PROBLEM TO SOLVE: Your answer should be the lines from the one with "Rose Gold Flower" to the end of the data below, both included, exact and free of pictures.

INPUT DATA:

══════════

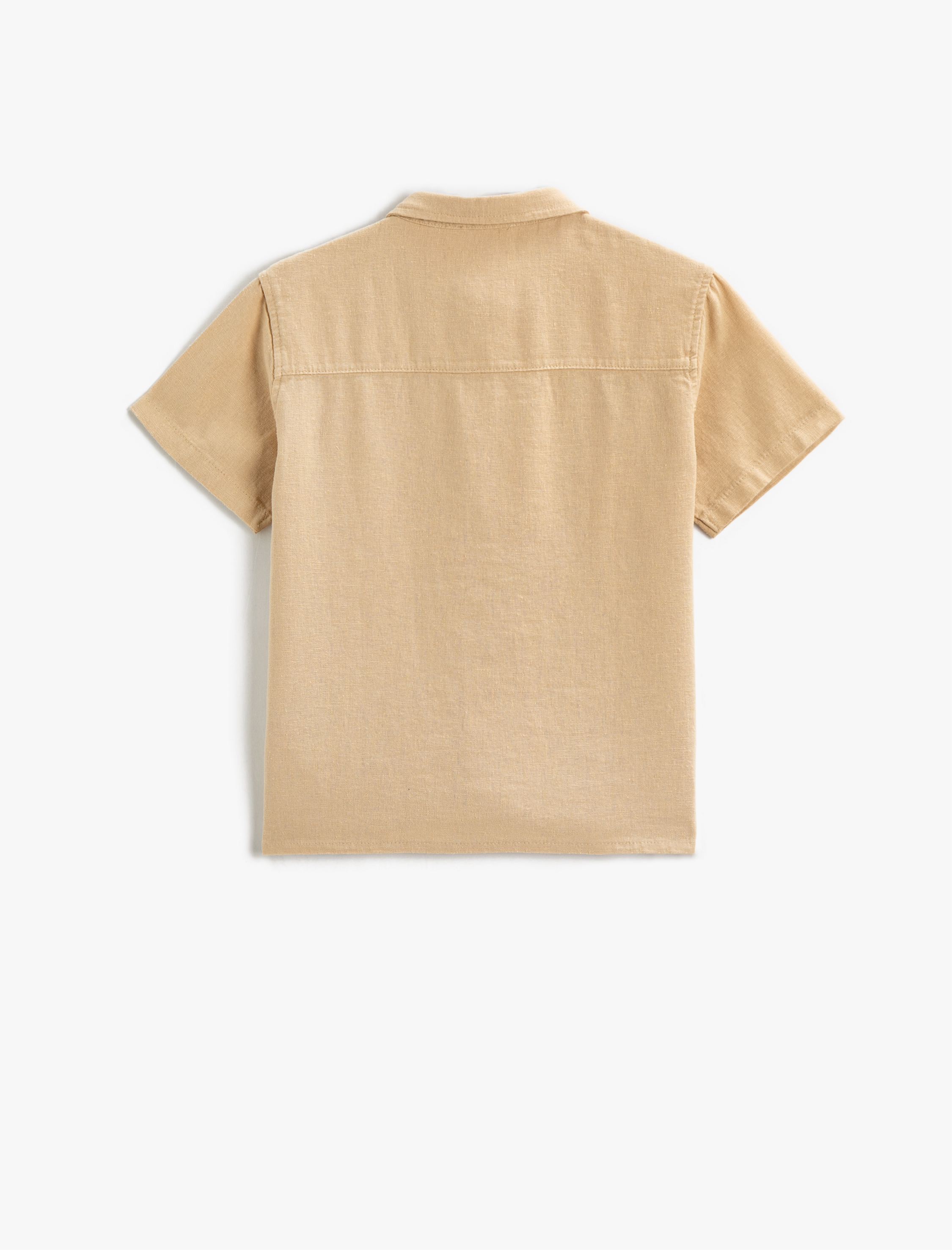 Erkek Çocuk Keten Karışımlı Kumaş Gömlek Kısa Kollu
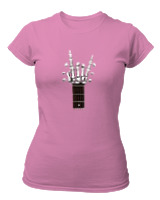 T-Shirt Στενή Γραμμή Γυναικείο - Skull Quitar - Color Thumbnail Ροζ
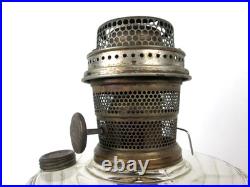 Antique Aladdin Lamp Corinthian Black Glass Foot Clear Font Oil Lamp 12 1/2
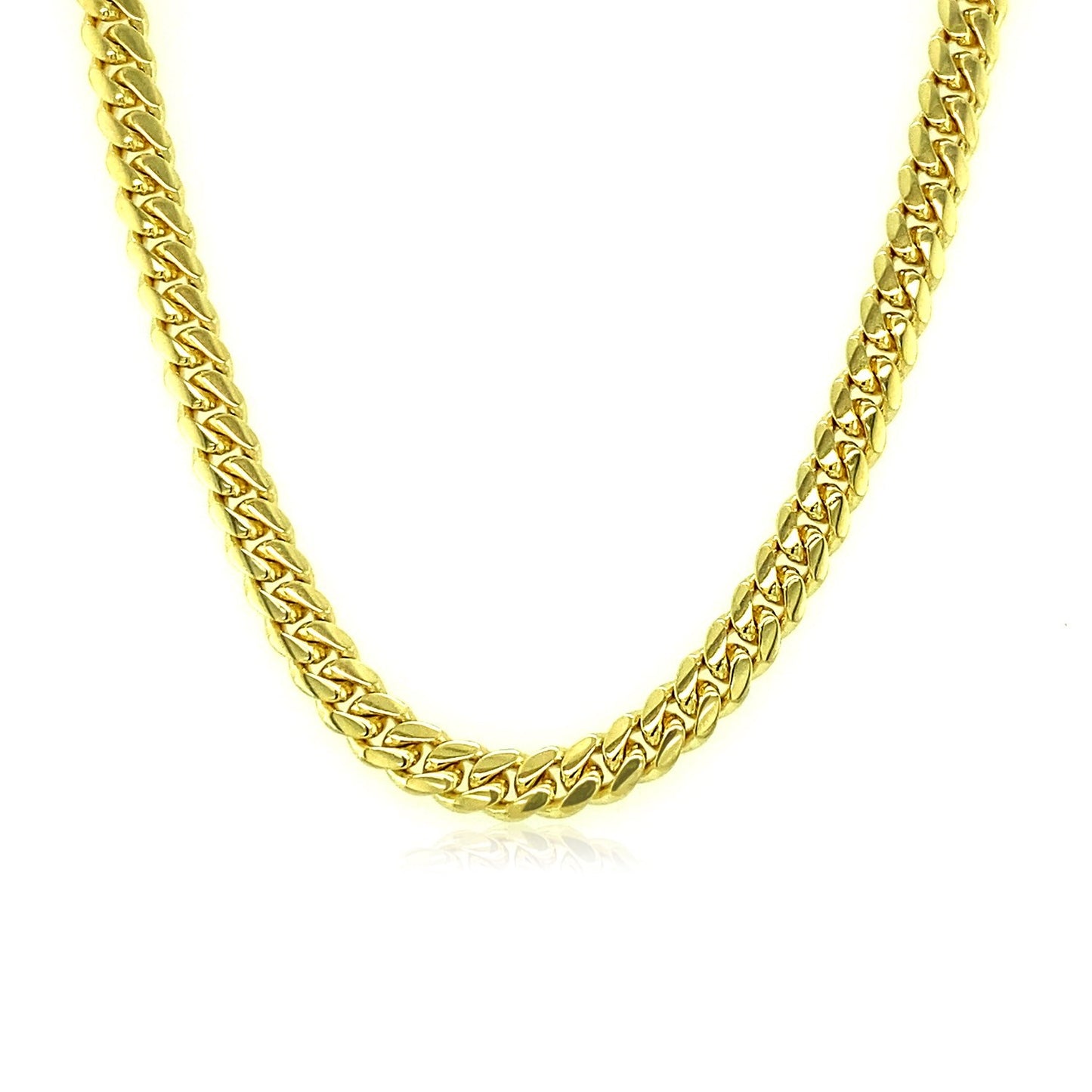 3.9mm 10k Yellow Gold Classic Miami Cuban Solid Chain in a sleek high-contrast midnight luxury editorial style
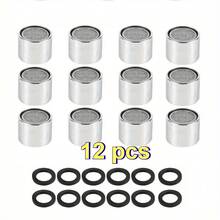 6/12pcs, Water-Saving Faucet Aerators, Stainless Steel Tap Nozzle With Fine Mesh Filter, Flow Restrictor For Kitchen And Bathroom Sinks, Universal Thread Replacement Bubbler Set - Multicolor - View 5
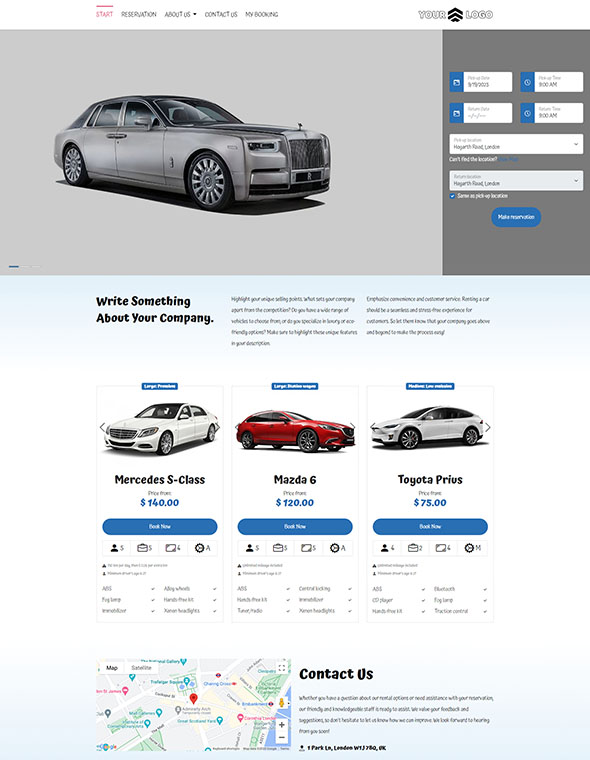 Car Rental Software - Website Template #2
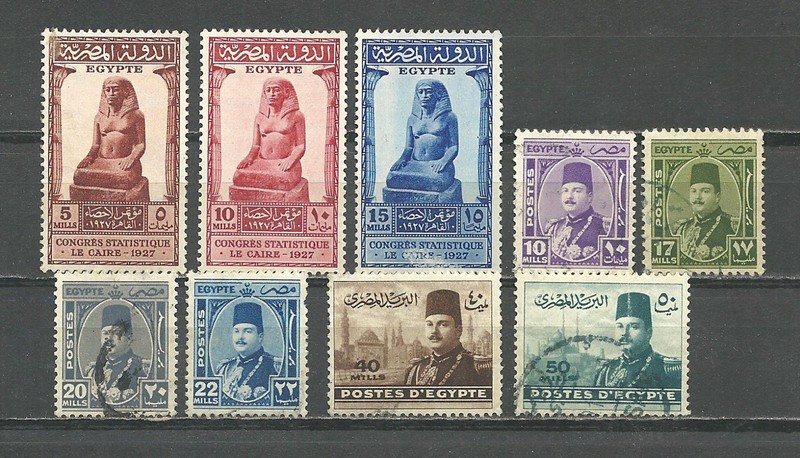 EGYPT, King Farouk, 1927-1946, used, lot of 9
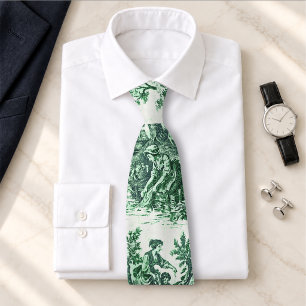 Vintage floral green toile jouy tie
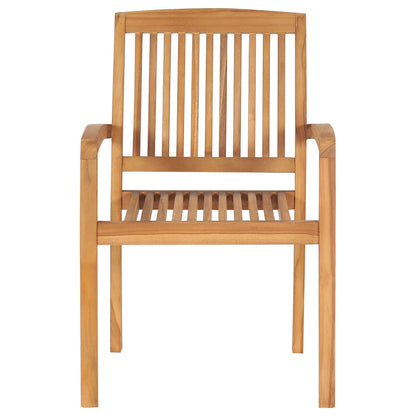 Stacking Garden Chairs 6 pcs Solid Teak Wood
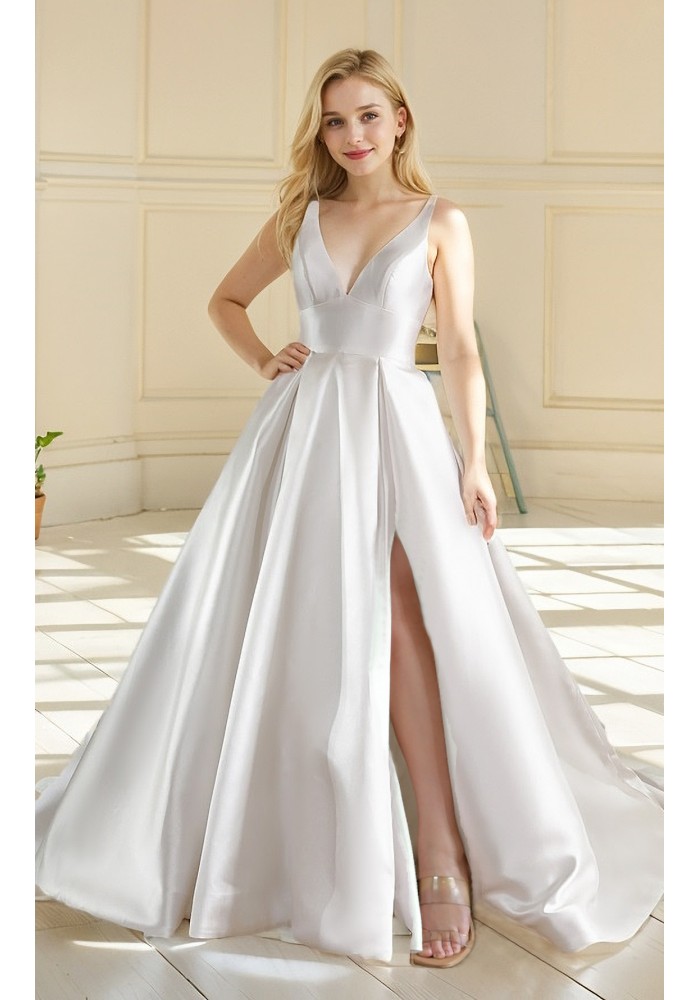 Wedding Dress - Satin Empire Waist Line Ball Gown with Slit Skirt - BLL-B3002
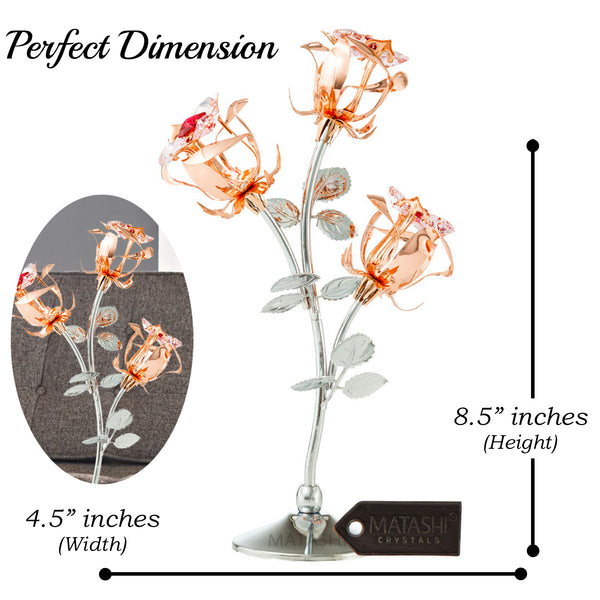 Rose Gold Flower Tabletop Ornament with Crystals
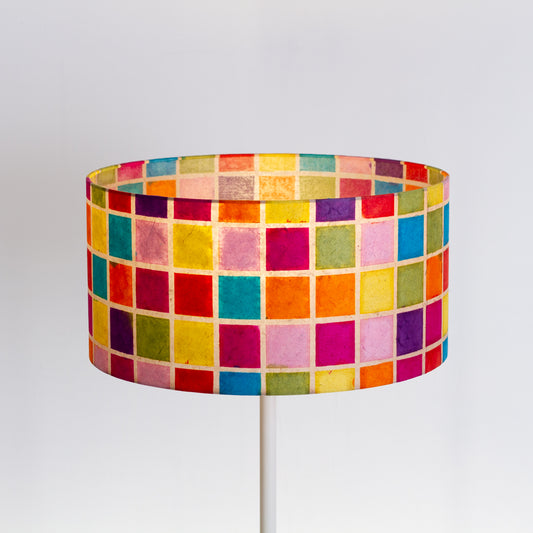 Drum Lamp Shade - P01 - Batik Multi Square, 40cm(d) x 20cm(h)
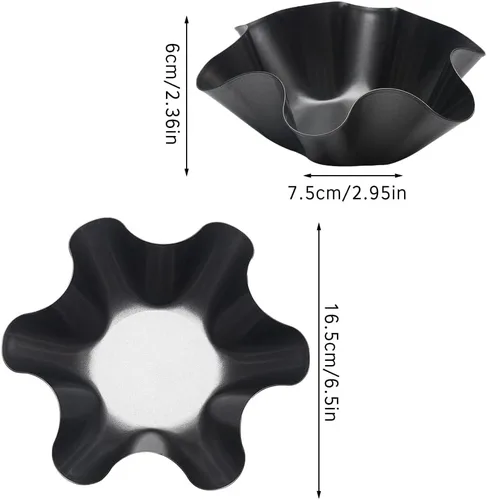 Miniatura 2 de EKDJKK Moldes para hacer ensaladas de taco, 4 paquetes de tazones antiadherentes de acero al carbono para hornear, para tortillas, moldes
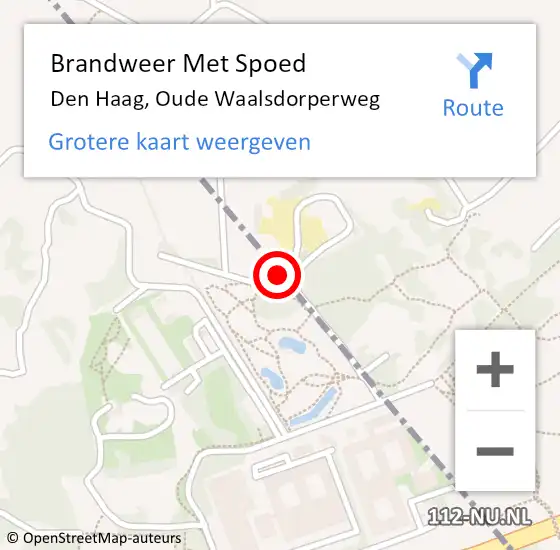 Locatie op kaart van de 112 melding: Brandweer Met Spoed Naar Den Haag, Oude Waalsdorperweg op 14 februari 2024 05:46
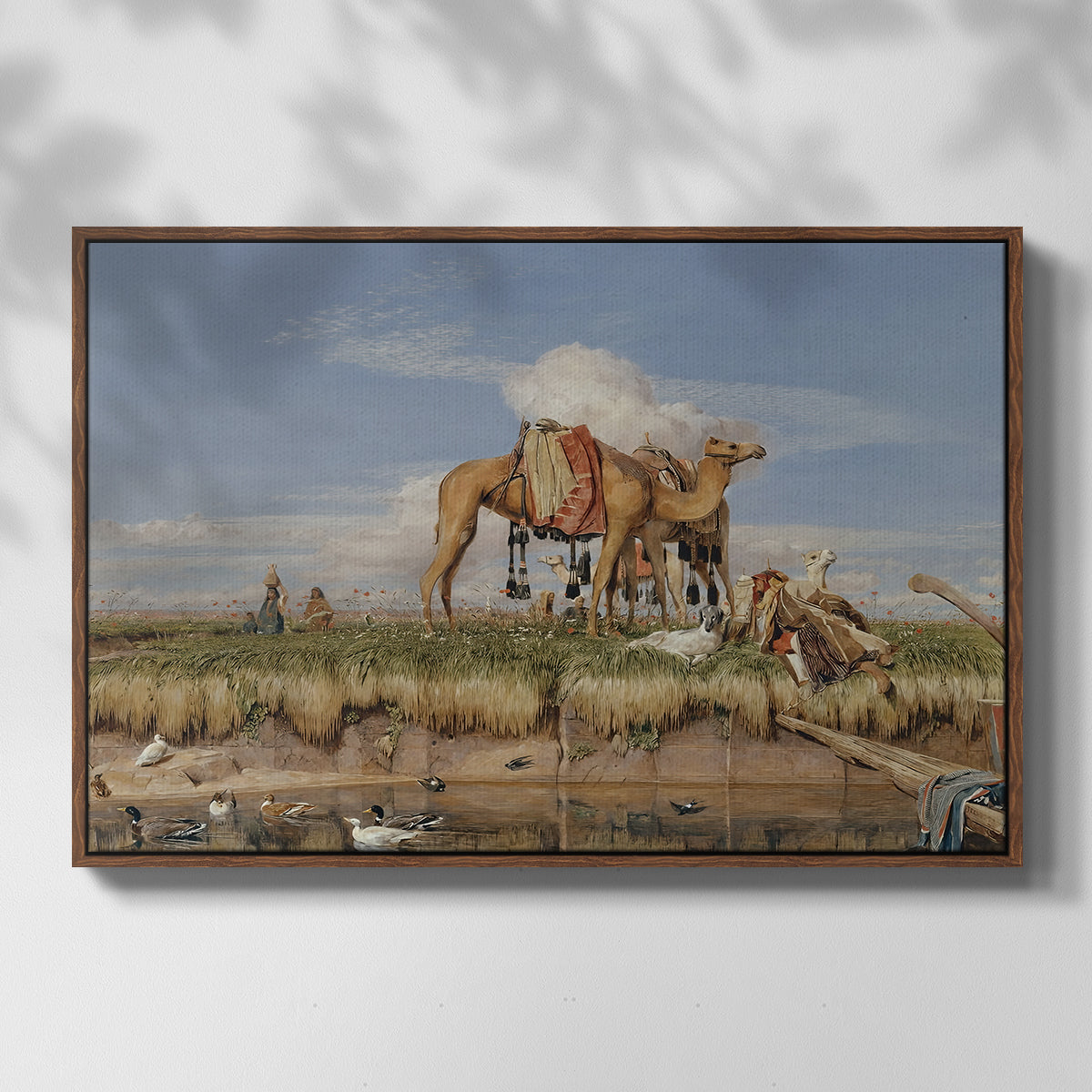 On the Banks of the Nile, Upper Egypt, 1876 - Floater Framed Canvas Print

══════════

SOLUTION FOR THIS PROBLEM:
 Rose Gold Flower Tabletop Ornament with Crystals
 Drum Lamp Shade - P01 - Batik Multi Square, 40cm(d) x 20cm(h)
 Miniatura 2 de EKDJKK Moldes para hacer ensaladas de taco, 4 paquetes de tazones antiadherentes de acero al carbono para hornear, para tortillas, moldes
 Locatie op kaart van de 112 melding: Brandweer Met Spoed Naar Den Haag, Oude Waalsdorperweg op 14 februari 2024 05:46
 On the Banks of the Nile, Upper Egypt, 1876 - Floater Framed Canvas Print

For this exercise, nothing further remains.